Morning Psalms 99; 147:1-11

First Reading Exodus 19:16-25

Second Reading Colossians 1:15-23

Gospel Reading Matthew 3:13-17

Evening Psalms 9; 118

 

16On the morning of the third day there was thunder and lightning, as well as a thick cloud on the mountain, and a blast of a trumpet so loud that all the people who were in the camp trembled. 17Moses brought the people out of the camp to meet God. They took their stand at the foot of the mountain. 18Now Mount Sinai was wrapped in smoke, because the LORD had descended upon it in fire; the smoke went up like the smoke of a kiln, while the whole mountain shook violently. 19As the blast of the trumpet grew louder and louder, Moses would speak and God would answer him in thunder. 20When the LORD descended upon Mount Sinai, to the top of the mountain, the LORD summoned Moses to the top of the mountain, and Moses went up. 21Then the LORD said to Moses, “Go down and warn the people not to break through to the LORD to look; otherwise many of them will perish. 22Even the priests who approach the LORD must consecrate themselves or the LORD will break out against them.” 23Moses said to the LORD, “The people are not permitted to come up to Mount Sinai; for you yourself warned us, saying, ‘Set limits around the mountain and keep it holy.'” 24The LORD said to him, “Go down, and come up bringing Aaron with you; but do not let either the priests or the people break through to come up to the LORD; otherwise he will break out against them.” 25So Moses went down to the people and told them.

 

Dietrich Bonhoeffer once said something along the lines of, to know the name of Jesus Christ we first have to know that God’s name is unsayable. Maybe we know this intuitively. “It is a fearful thing to fall into the hands of the living God,” says Hebrews. God is powerful. God is fearful. God is beyond our reckoning or imagination. This is why the people of Israel didn’t dare speak the name of God.
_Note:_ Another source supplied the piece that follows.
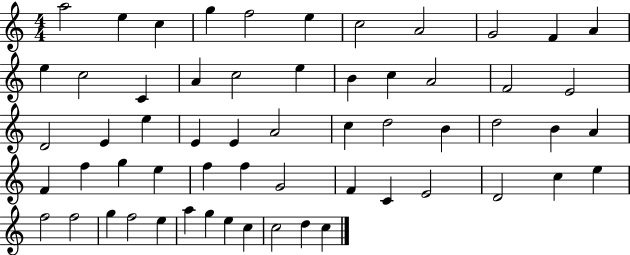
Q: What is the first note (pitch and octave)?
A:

We don’t like to think of God as the one making us afraid (we have enough to be afraid of these days). But the irony in this picture of God is that, if God is always knowable and accessible, what use do we have for him? If God is so familiar to us, maybe we’d be like that old married couple who knows what each other are going to say before they say it. Moses reminds us that, despite our feelings of closeness, God is separate, holy, wild, and unpredictable, always outside of our grasp. Even the priests can’t get too close. While this may be off-putting, it is exactly this separateness that affirms God’s rule of creation. The world is never in our hands, and that’s good news—it’s in God’s.

 

Gracious God, let your love hold us, shelter us from trouble, and bring us to safety. Let your power cover the creation you made and love, that even in fear and trembling, we may worship you as Messiah and Lord, in Jesus Christ. Amen.